(ABOUT THIS EXERCISE)
Transcribe all the entries word for word, but omit the images.

(Extracted records)

━━━━━━━━

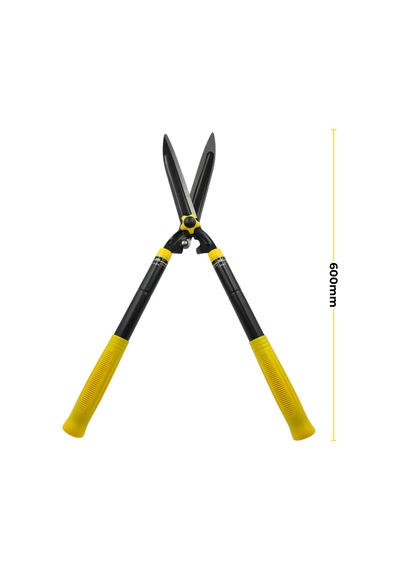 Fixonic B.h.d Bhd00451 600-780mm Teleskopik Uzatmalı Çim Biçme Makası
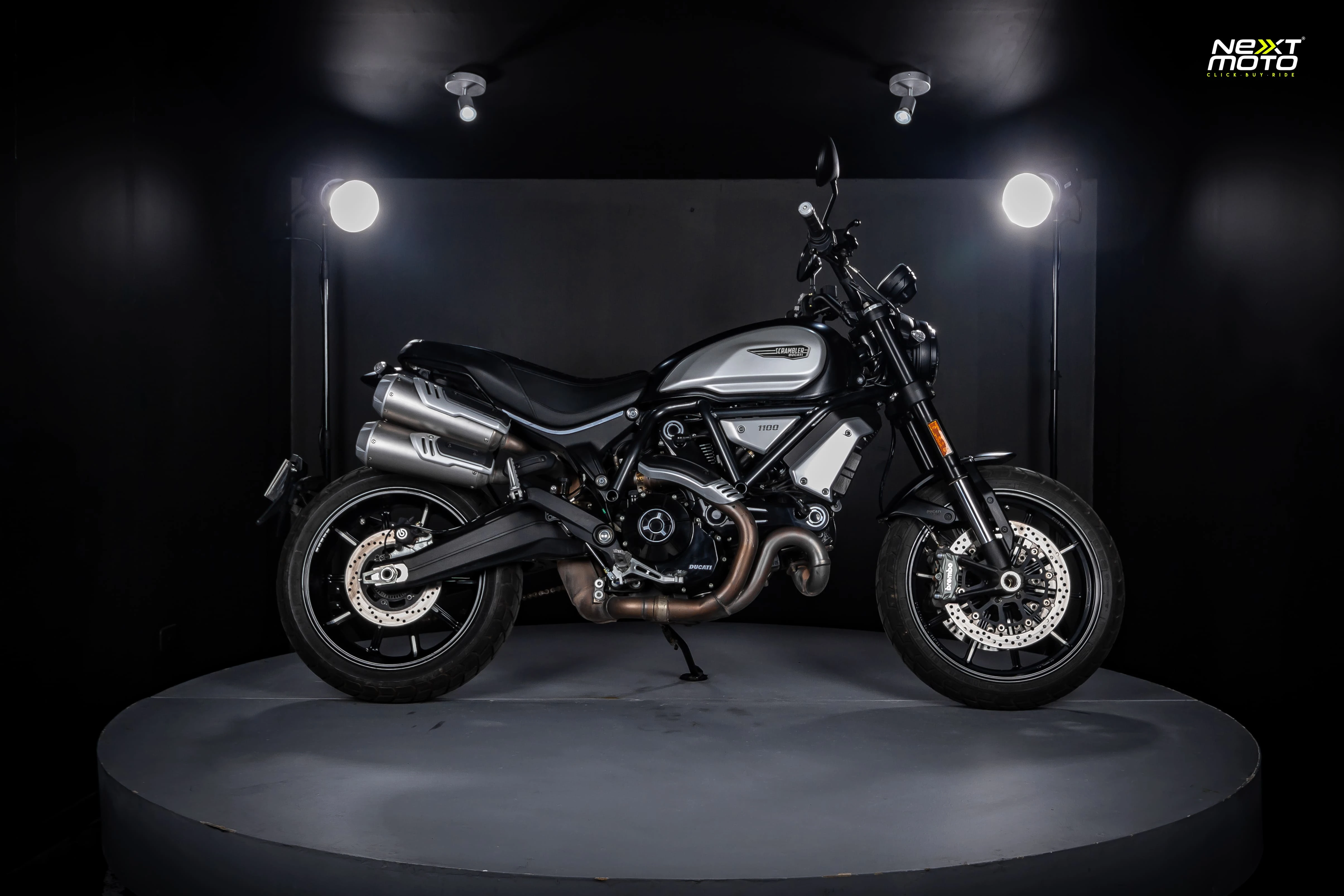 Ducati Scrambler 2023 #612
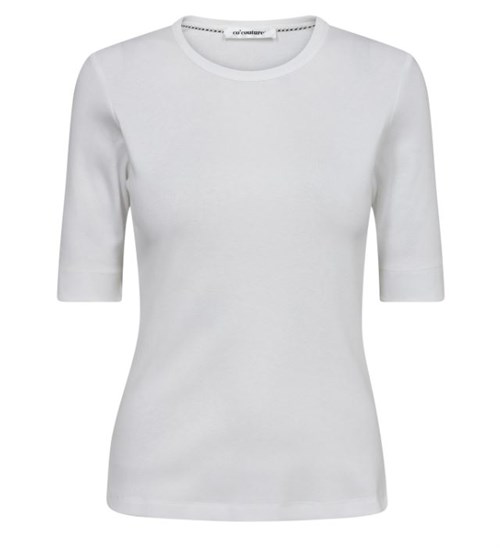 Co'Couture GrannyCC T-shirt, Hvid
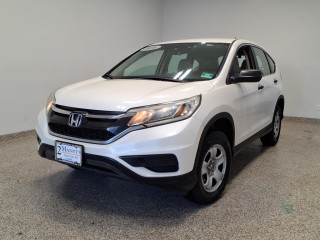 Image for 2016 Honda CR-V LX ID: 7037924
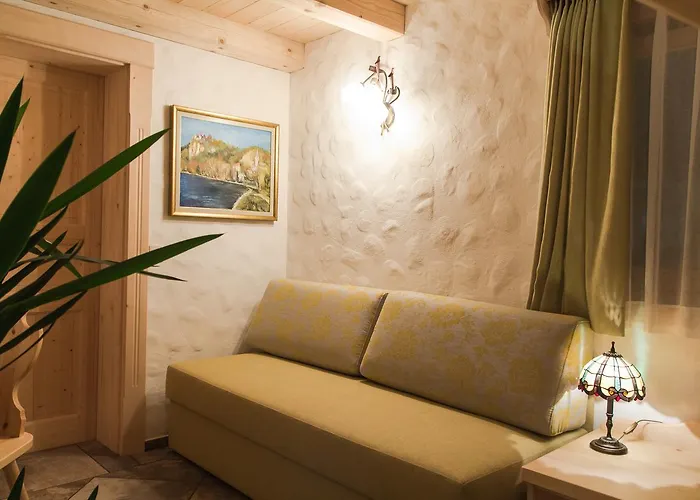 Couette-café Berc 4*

━━━━━━━━

(FINISHED TASK)
 Fixonic B.h.d Bhd00451 600-780mm Teleskopik Uzatmalı Çim Biçme Makası
 Ducati Scrambler 2023 #612
 Co'Couture GrannyCC T-shirt, Hvid
 Image for 2016 Honda CR-V LX ID: 7037924
 Couette-café Berc 4*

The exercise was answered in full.